Okapi Components - Table Filter

- Overview
- Filter properties
- Processing Details
- Parameters - Options Tab
- Parameters - Columns Tab
- Parameters - Inline Codes Tab

Utilities

Filters

Shared Help

Okapi Framework

Overview

The Table Filter is an Okapi component that implements the Okapi Filter Interface for table-type files where the translatable text lies in specific columns. The files processed with this filter must be text-based.

Filter Properties

The properties for the Table Filter are the following:

Property	This Filter
INPUTFILE	Yes
INPUTSTRING	No
BILINGUALINPUT	Yes
TEXTBASED	Yes
OUTPUTFILE	Yes
OUTPUTSTRING	No
ANCILLARYOUTPUT	No
XMLOUTPUT	No
RTFOUTPUT	Yes
USEKEY	No
ISINDEMOMODE	No

Processing Details

Input Encoding

The filter uses the input encoding defined by the user. Unicode files with Byte-Order-Marks are detected automatically and the proper encoding used regardless of the user-defined encoding.

Output Encoding

The output file is generated in the encoding defined by the user.

Line-Breaks

The line-breaks type of the output are of the same type as the input. Embedded line-breaks are supported for fields with delimiters.

White Spaces

If your parameters are set to use the Columns are separated by a special character option and the Ignore white-spaces after separators option, the white-spaces after a separator will not be written in the output file.

Parameters - Options Tab

Columns are separated by a special character -- Select this option for tables made of fields separated by a delimiter.

Column separator -- Enter the character that serves as separator between columns. For the tab character or any other control character use the form \xHHHH where HHHH is the Unicode value of the character. For example use \x0009 for the tabulation character.

Ignore white-spaces after separators -- Set this option to not include in the fields any white-spaces after the separators.

Text Qualifier -- Enter the characters that starts and ends text fields.
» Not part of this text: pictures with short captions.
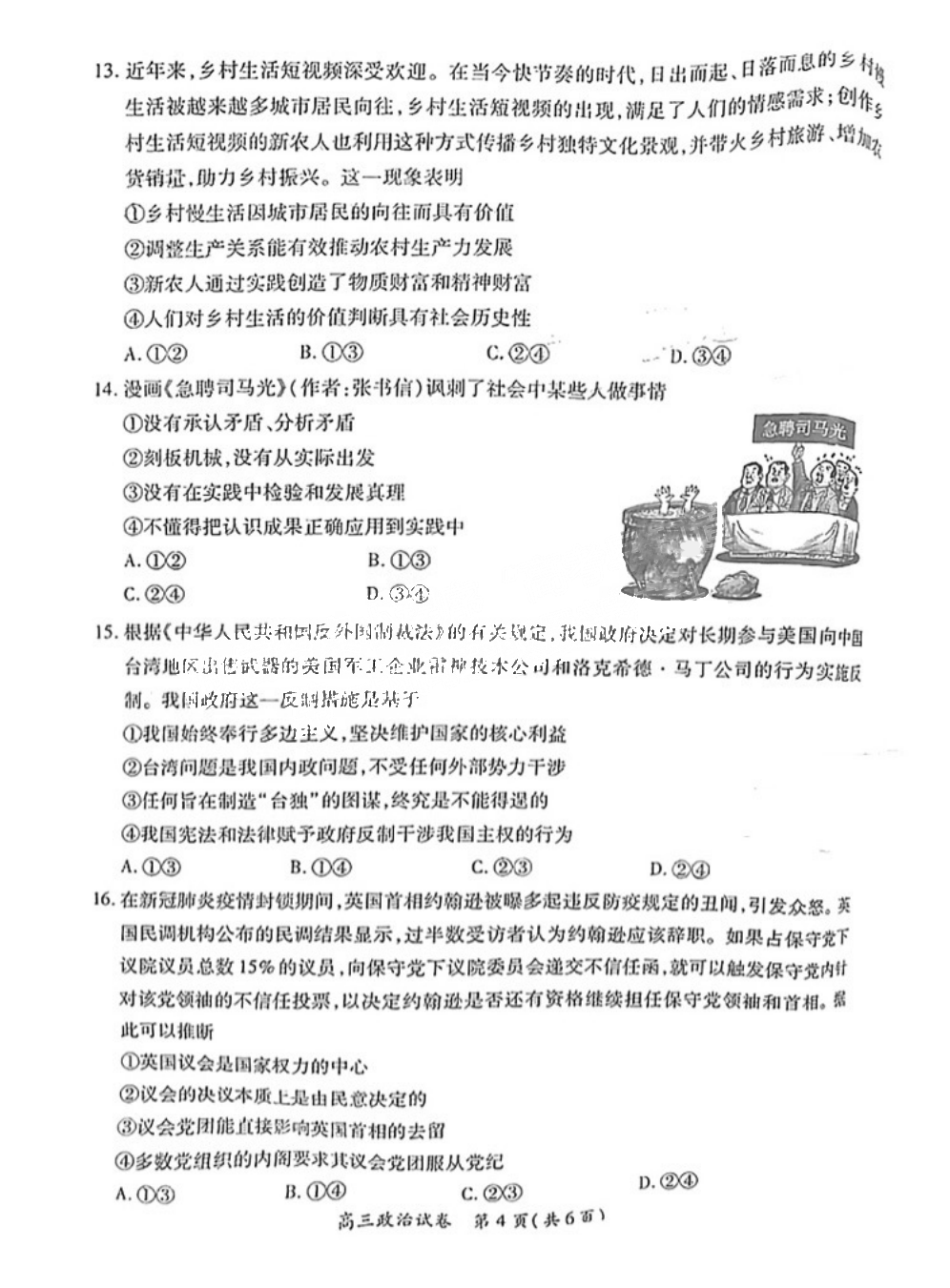2022年3月厦门高三市质检政治试卷及答案 2022年3月厦门高三市质检政治试卷及答案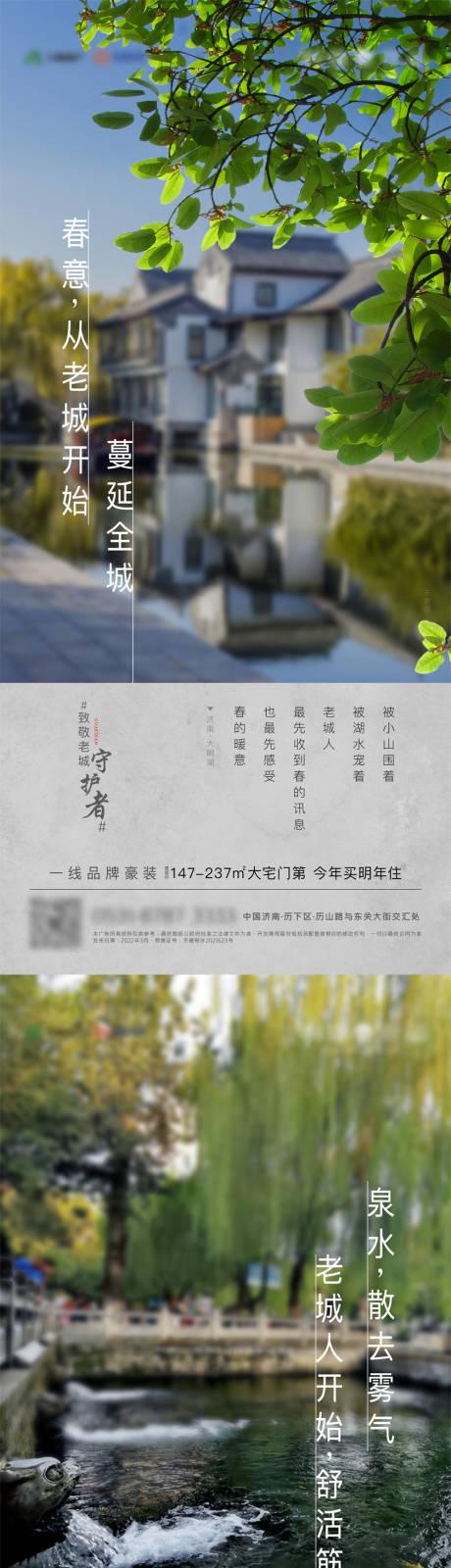源文件下载【享设计】搜索编号：60070035897902660【地产新中式项目价值点海报】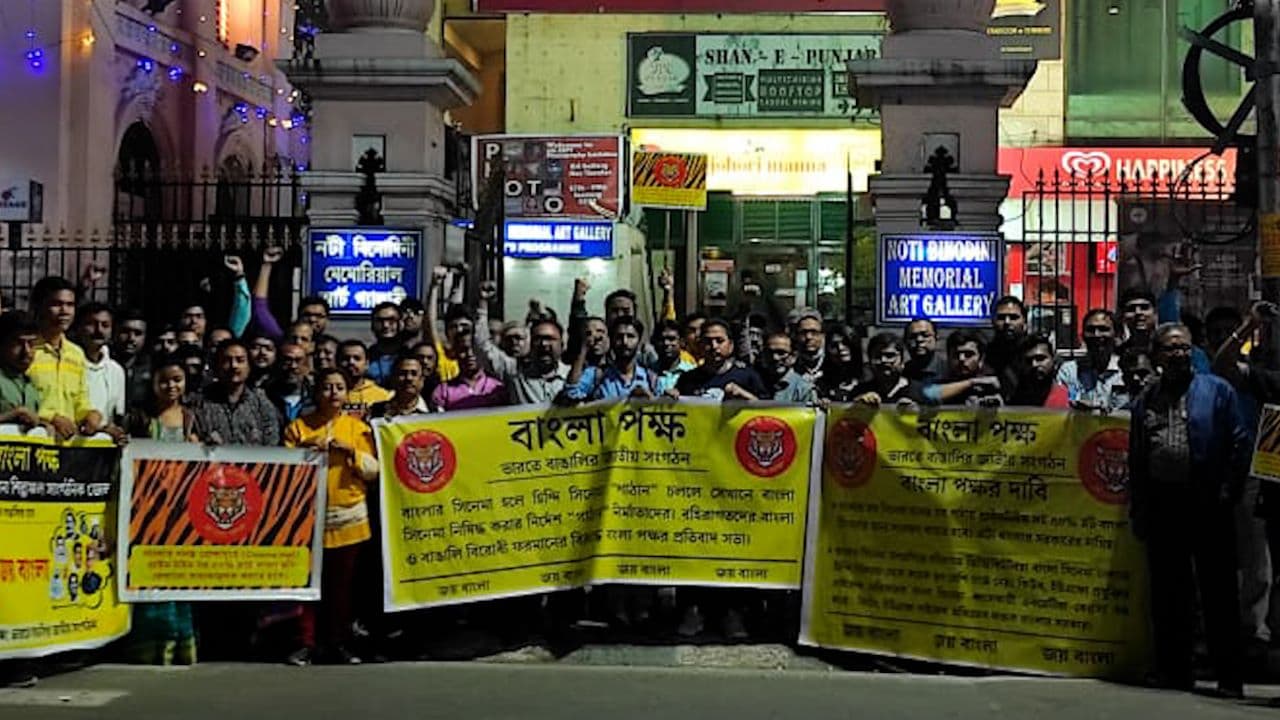 bangla pokkho bangla pokkho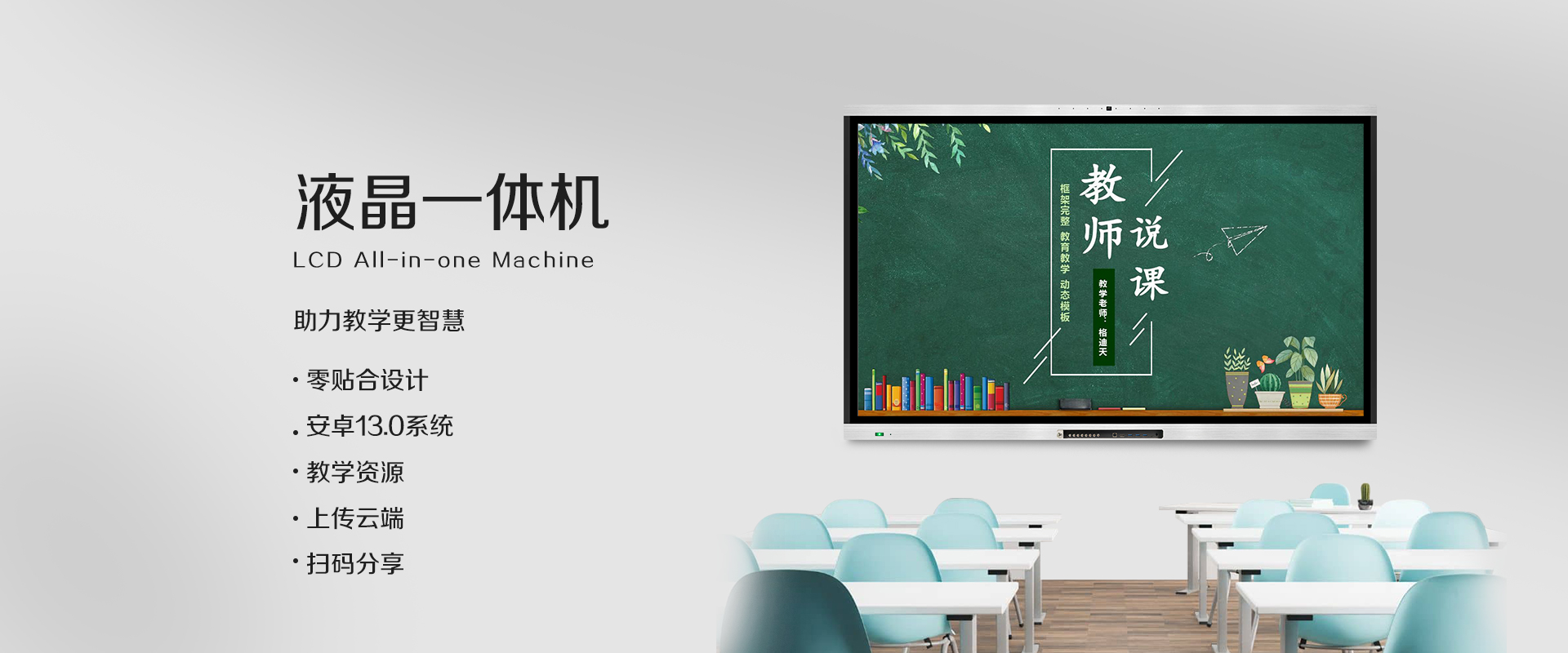 深圳大香蕉久久久一级大黄片教學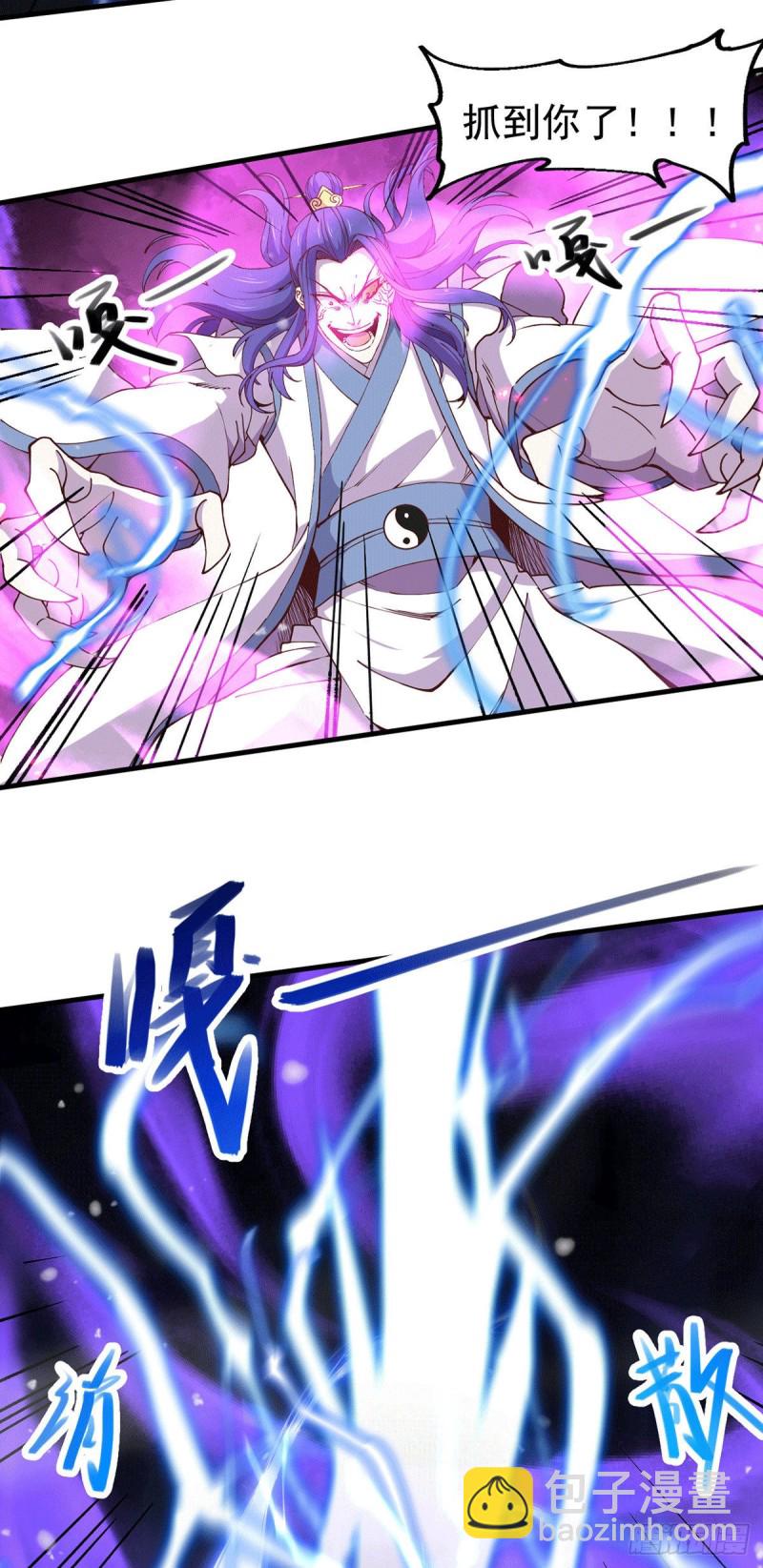 總有道侶逼我雙修 - 第154話 女帝陷入危機！? - 1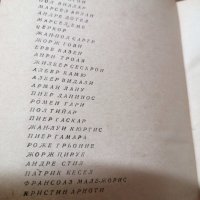 Най-доброто от Световните Разкази събрани в Сборници , снимка 9 - Художествена литература - 39097846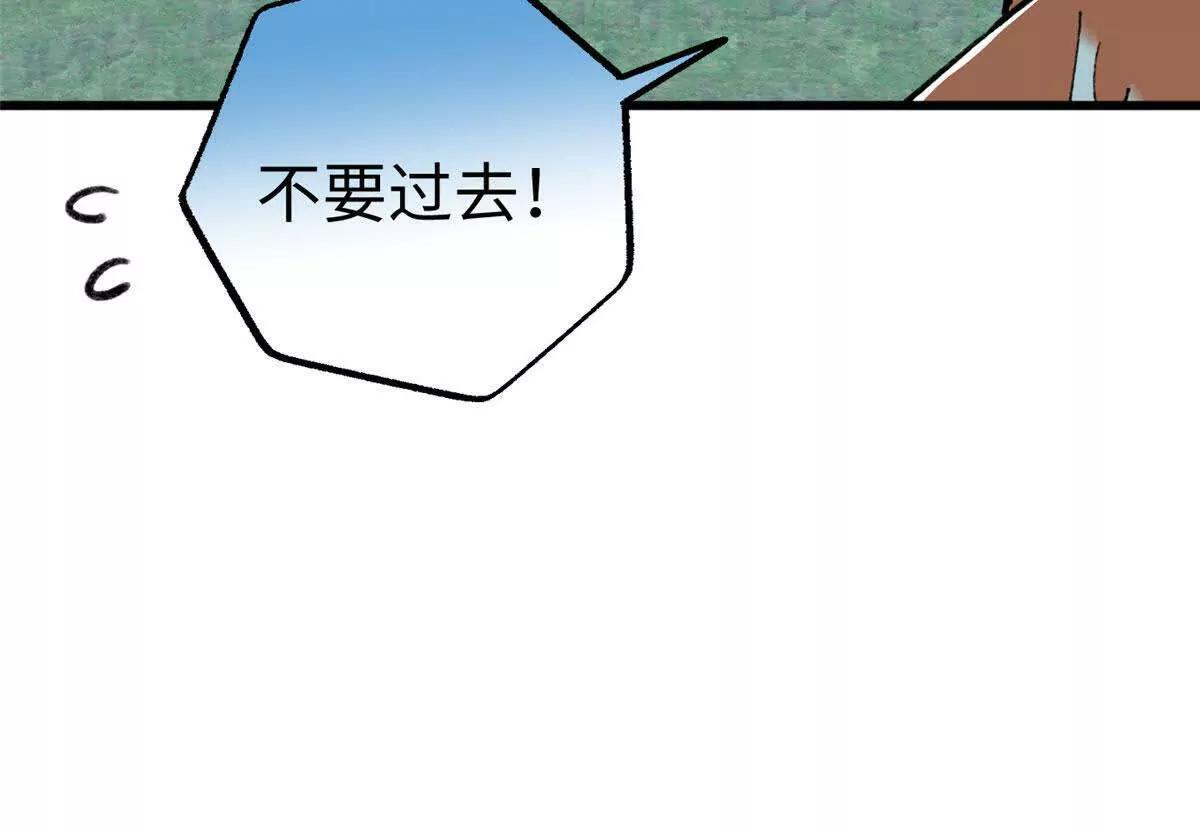 142 抱嘴啃食？ 第21页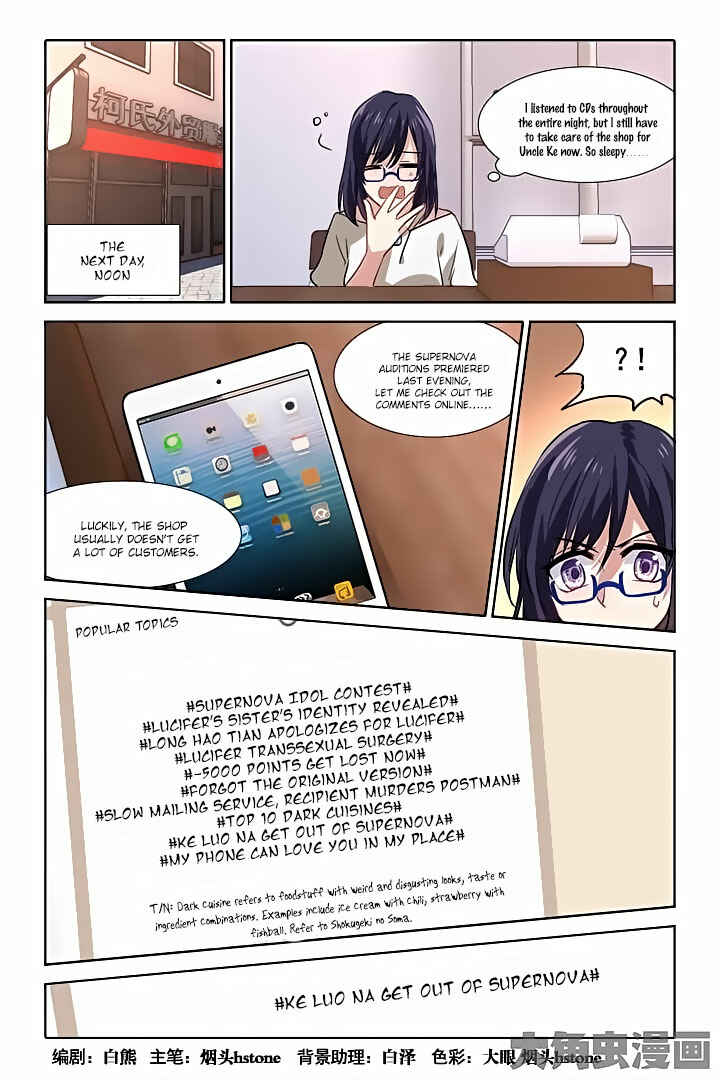 Star Dream Idol Project Chapter 35 - Page 1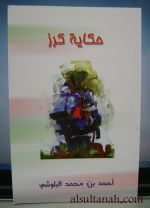 ����� ����� ��� ������ ���� ���� �������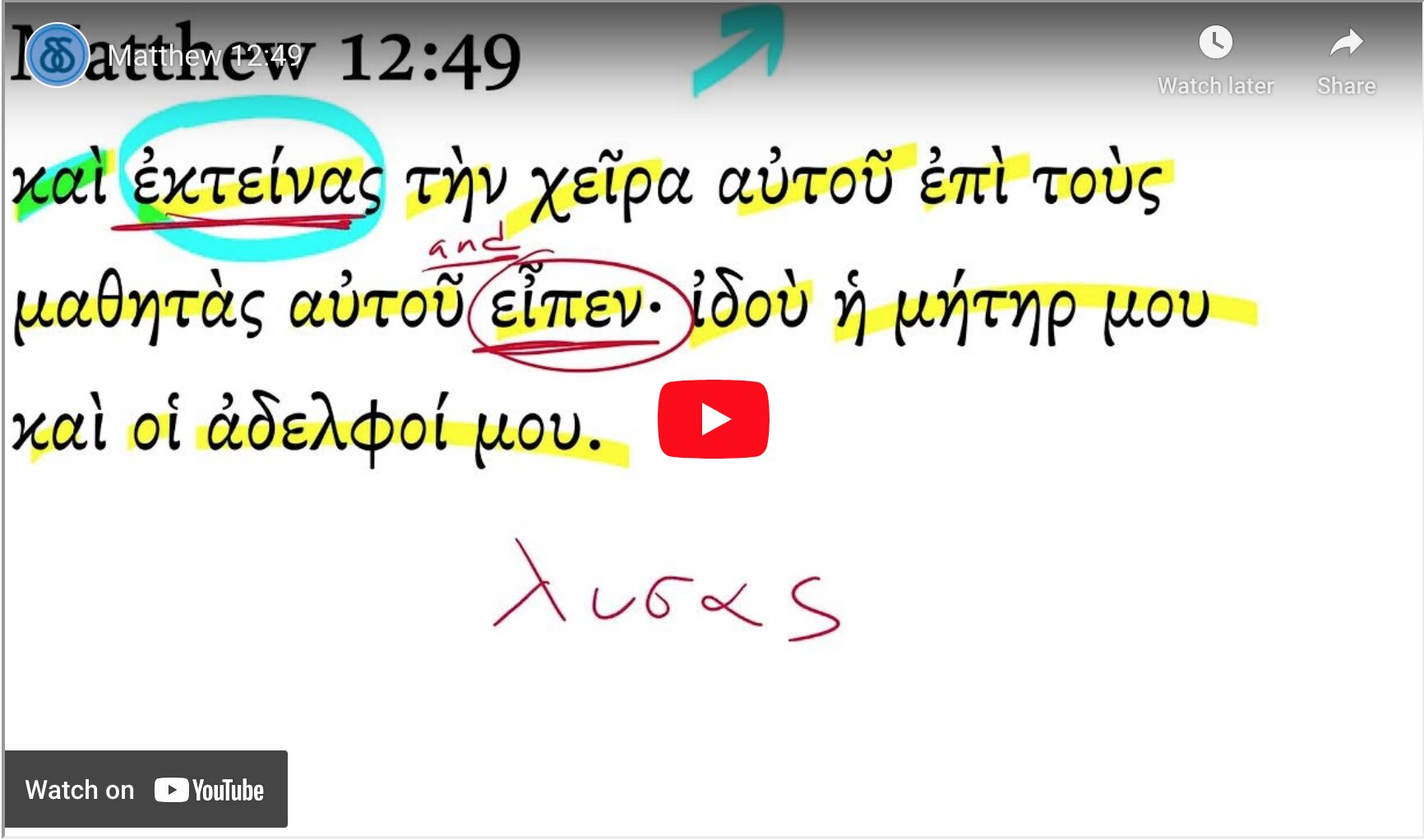 Matthew 12:49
If none of the text fields of your table has text delimiters, leave this entry empty.

Each column has a fixed width -- Select this option for tables made of fixed-width fields. You must declare the width of each column. Note that tables with fixed-width are not expected to have text qualifiers.

List of widths -- Enter the width of each columns (using Unicode characters as unit), in the order of the columns. the values must be separated by a least one space, comma, or semi-colon.

Row where the data start -- Enter the row number where the data of the table start. For example, if the first line of the file is made of the titles of the columns, enter 2 as the actual data start at the second line. If the data start at the top of the file, enter 1. Empty lines are not counted as rows.

Use localization directives when they are present -- Set this option to enable the filter to recognize localization directives. If this option is not set, any localization directive in the input file will be ignored.

Extract items outside the scope of localization directives -- Set this option to extract any translatable item that is not within the scope of a localization directive. Selecting to extract or not outside localization directives allows you to mark up fewer parts of the source document. This option is enabled only when the Use localization directives when they are present option is set.

In this filter, localization directives are expected to be in the Comment columns (if any is associated with a translatable column).

Parameters - Columns Tab

Extract the following columns -- Select this option to extract only a set of specified columns.

Extract all columns with a text qualifier -- Select this option to extract all columns with text qualifier. The character used as the text qualifier is defined in the Options Tab.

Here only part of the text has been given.